He monkeyed with the courts, and didn't hire enough judges to do the work, and so a person had to wait so long for his case to come up that he got sick of waiting, and went home, and so never got what was coming to him.

He made a lot of new jobs, and give them to loafers that nobody knowed nothing about, and the poor people had to pay the bill, whether they could or not.

Making us pay taxes without asking us whether we thought the things we had to pay taxes for was something that was worth paying taxes for or not.

Time passes, but some things don't change.


One cool thing about learning Latin in high school was reading books from two-thousand years ago. Take Ovid's Ars Amatoria for example. He was the original PUA (from https://en.wikipedia.org/wiki/Ars_Amatoria): "The first two books, aimed at men, contain sections which cover such topics as 'not forgetting her birthday', 'letting her miss you - but not for long' and 'not asking about her age'."


I didn't remember that the ancient Romans observed birthdays as we do, but sure enough, it's in there:

> Magna superstitio tibi sit natalis amicae:

> Quaque aliquid dandum est, illa sit atra dies.

("Your girlfriend's birthday should be a source of great dread for you: whenever it's time to give something, that's a dark day.")


It's important to note that Ars was intended to be satirical. However, when it was rediscovered, a lot of the context surrounding it was lost, so people too it seriously... and it became the basis of courtly love and thus modern romance.


When, during the Wilson-Palmer saturnalia of oppressions [1918-1920], specialists in liberty began protesting that the Declaration plainly gave the people the right to alter the government under which they lived and even to abolish it altogether, they encountered the utmost incredulity.

I find this true today as well. A lot of people just can't seem to accept the idea that the founding fathers of the USA wanted to allow their descendants the same right to start over that they were exercising at the time.

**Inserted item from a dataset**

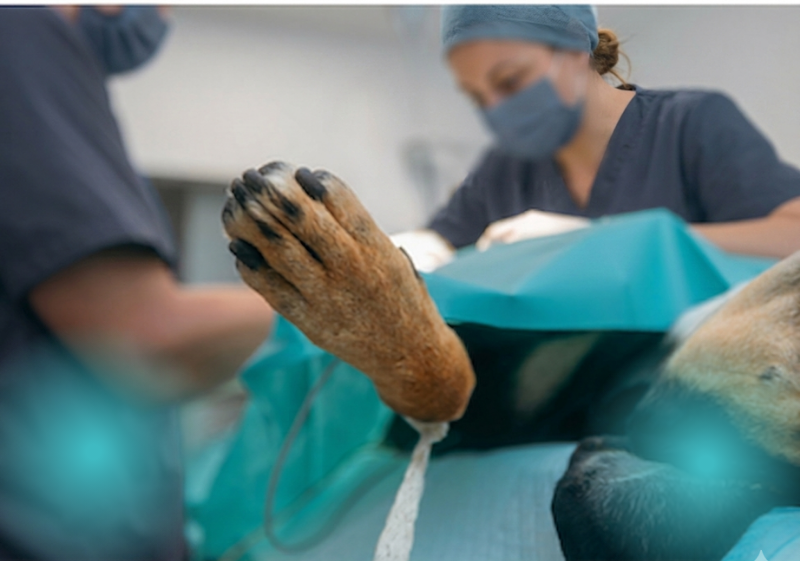 Servicios Veterinarios en La Pobla de Vallbona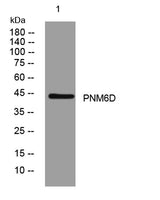 PNM6D rabbit pAb 50µL/100µL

I must admit that even given an appreciation of that I am hard pressed to imagine what a popular uprising and establishment of a new government would look like in today's America.


There is the possibility of calling a Constitutional Convention. But most people have the heebie-jeebies over that, as everything then comes up for grabs. Women's voting rights, separation of powers, two-term limit for presidents -- having a president at all. You name it.


Article V is the part of the Constitution that governs conventions. It is just for recommending amendments that get approved in the usual way. So there really shouldn't be any more concern about it than normal.

http://www.archives.gov/exhibits/charters/print_friendly.htm...


It's worth pointing out that the Constitutional Convention started out as a convention to amend the Articles of Confederation.


You say that, but look at what happened last time they held a convention.


Or the second amendment, which a growing number of Americans feel no needed for, unfortunately. As of disarming the populace works well long term for citizens.


It's worked pretty well for citizens of other first-world countries who have practically zero chance of dying from gun violence. So, yeah, I'd say it works great long-term.


I don't think that can happen. I don't know, obviously, but despite our support for popular uprisings in other countries, I can't imagine the federal government not engaging in battle with the "traitors" knocking at their gates. I don't know what it looks like for the US military to engage its citizens en masse, but I'm guessing that happens before capitulation.

Other speculations?

Edit: I mean, the FBI, CIA, NSA, Secret Service are all built up around protecting the government from its people, right? The US government had been setting up a firewall between itself and its people for decades. (The NSA ostensibly not, but we know they were spying on Americans since at least 1945 [0]).

[0] https://www.washingtonpost.com/news/the-switch/wp/2013/08/23...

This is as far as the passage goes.